Your goal:
Please repeat every entry exactly as written, but skip the pictures.
*** Opening Data for the task ***
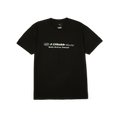 HUF X Greddy Motors T-shirt - Black - Kubanna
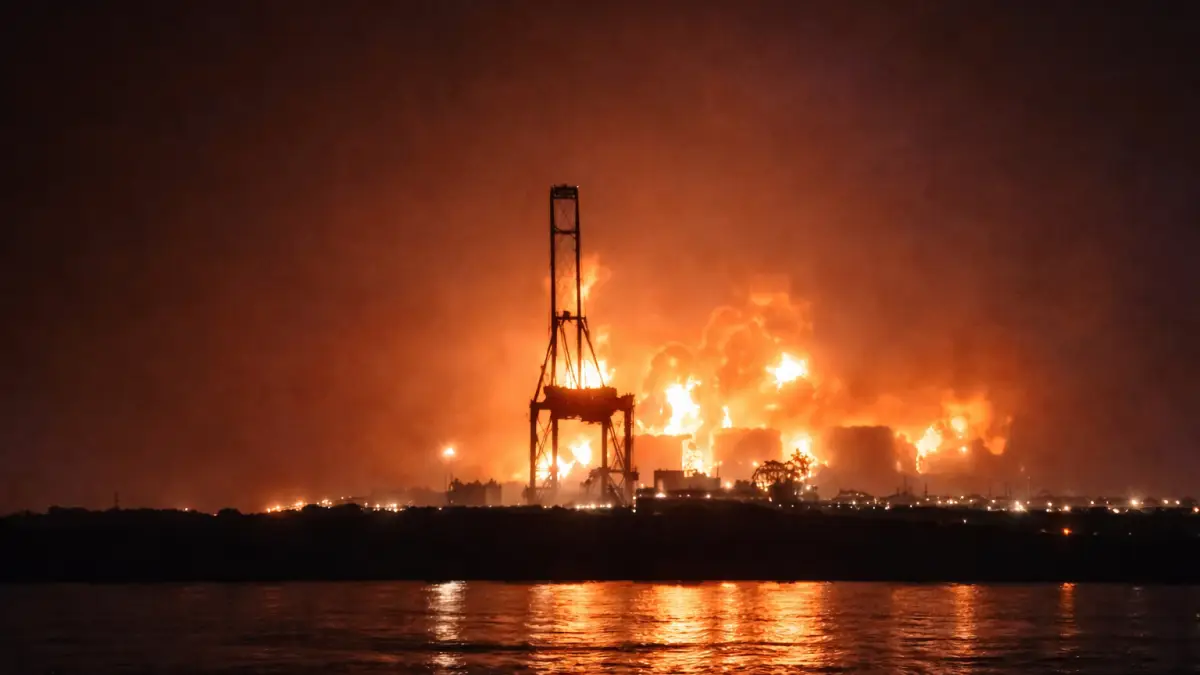 Atak na Ras Laffan. Z rynku wypadają miliony ton LNG z Bliskiego Wschodu / Portal Stoczniowy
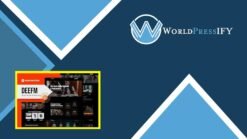 DeeFM - Radio Station and Podcaster Elementor Pro Template Kit - WorldPress IFY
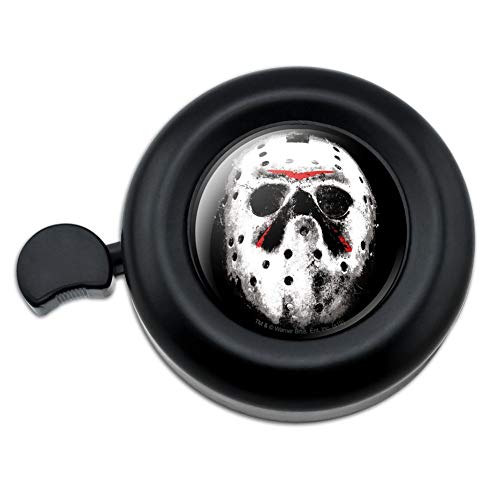 GRAPHICS & MORE Friday The 13th Jason Mask Bicycle Handlebar Bike Bell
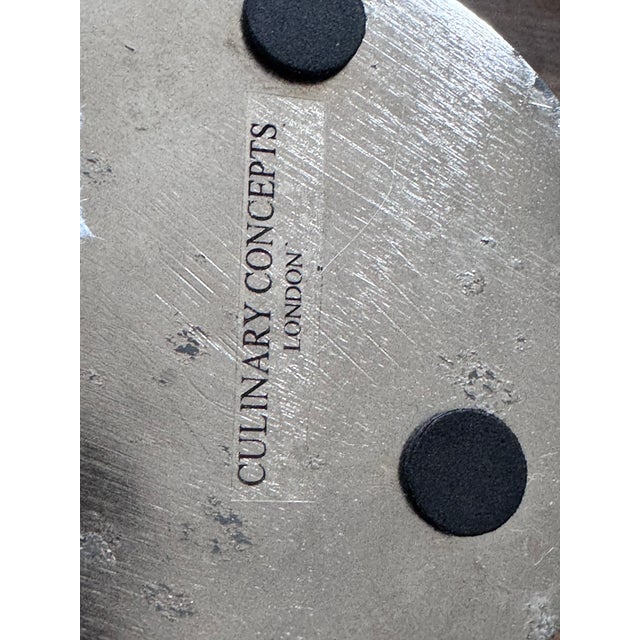 Culinary Concepts London Stag Motif Wine Bottle Chiller For Sale In Seattle - Image 6 of 12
*** Closing Data for the task ***
Reply:
 HUF X Greddy Motors T-shirt - Black - Kubanna
 Atak na Ras Laffan. Z rynku wypadają miliony ton LNG z Bliskiego Wschodu / Portal Stoczniowy
 DeeFM - Radio Station and Podcaster Elementor Pro Template Kit - WorldPress IFY
 GRAPHICS & MORE Friday The 13th Jason Mask Bicycle Handlebar Bike Bell
 Culinary Concepts London Stag Motif Wine Bottle Chiller For Sale In Seattle - Image 6 of 12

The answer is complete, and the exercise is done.